The first Debate for Peace delegation to the United Kingdom took place from November 15-21. Thirteen students from eleven town and cities competed in the Oxford Global MUN conference, with six winning awards. In addition to the conference, the delegates met diplomats, NGOs, think-tanks, visited the Parliament, attended Juma’a (Friday) prayers, and presented their diverse views for local Jewish communities.
After arriving in London on November 15, the delegation visited the US Embassy in London, for a private briefing and tour of the building. They visited the Embassy of Kosovo next, where they met Heroina Telaku, the Chargé d'Affaires of the Embassy, and learned about some of the unique experiences and challenges that Kosovo diplomats face. Following the embassy visits, they met with two members of the Quilliam counter-extremism think-tank and had an interesting discussion about the process of radicalization, and steps to address it.

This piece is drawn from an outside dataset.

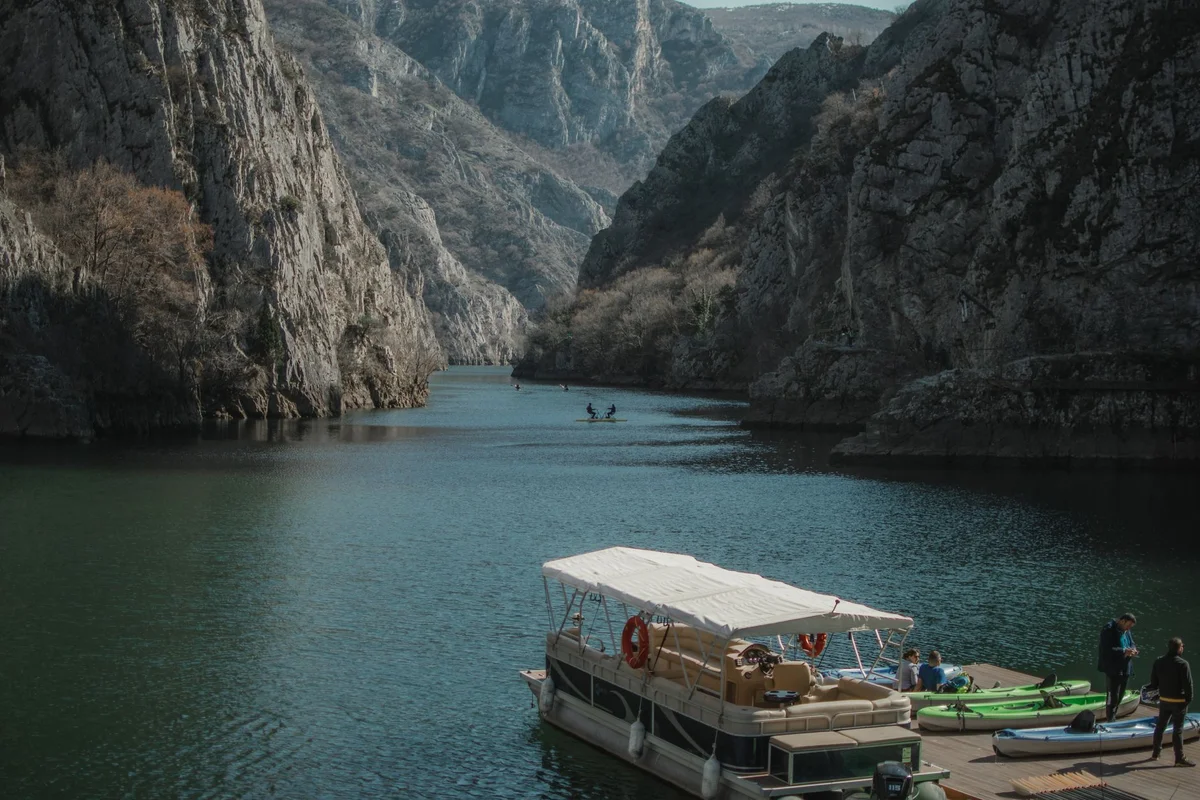 Matka Canyon feature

The next day the Debate for Peace group joined the Muslim Educational Centre of Oxford for their Friday morning prayers and sermon. That evening they also joined the Oxford Jewish Center for Shabbat dinner.
Of course, the focal point of the trip was the Oxford Global MUN conference. After much preparation and three intense days, the students were rewarded for their efforts, with six of them winning awards: Alon Mor (delegate of Comoros), Forat Nassar and Tal Madar (Nepal), Yafa Nassar (United Kingdom), Eliran Ben Yair (United Arab Emirates), and Aviv Hanuka (Guinea).
Owen Rapaport, the Secretary-General of Oxford Global, told Diplomacy that “Having Debate for Peace attend was a pleasure not only because of their significant contribution to the conference (demonstrated in their awards and the overwhelmingly positive remarks their chairs made about them), but also because we here at Oxford Global believe deeply in the mission of the organization. Being a small part of forwarding dialogue through MUN, for Debate for Peace and for others, was truly our greatest achievement over these three days.”
Following the conference, the delegation returned to London, where they stayed with the New North London Synagogue community. They spent a full day at JCOSS, the Jewish community secondary school, presenting and answering questions from the students.
In London, the delegation also met with several more NGOs and think-tanks, including Conciliation Resources and the Behavioral Insights team. Later they visited the Parliament and observed some of the debates there. At their final event, the Debate for Peace students was hosted by the New North London Synagogue for a program with local Jewish youth.
Niki Jackson, Director of Education at the synagogue, told Diplomacy: “It was a joy to watch our teens grapple with difficult subjects about identity and Israel in a constructive way. It challenged a lot of their pre-conceptions and provided a fantastic forum for discussion and debate. There was a wonderful vibe in the Shul that night as they chatted, debated and sometimes disagreed but all within a safe and supportive framework.“
Hettie, a teen member of the synagogue who helped host students from the delegation, added that “Meeting the Israeli and Palestinian teenagers was really interesting and enjoyable. I learnt new things about their lives and their own political opinions. It was an experience that I am so pleased to have been a part of and the things I learnt will stay with me forever.”
Debate for Peace is part of the Interfaith Encounter Association and supported by the US Embassy.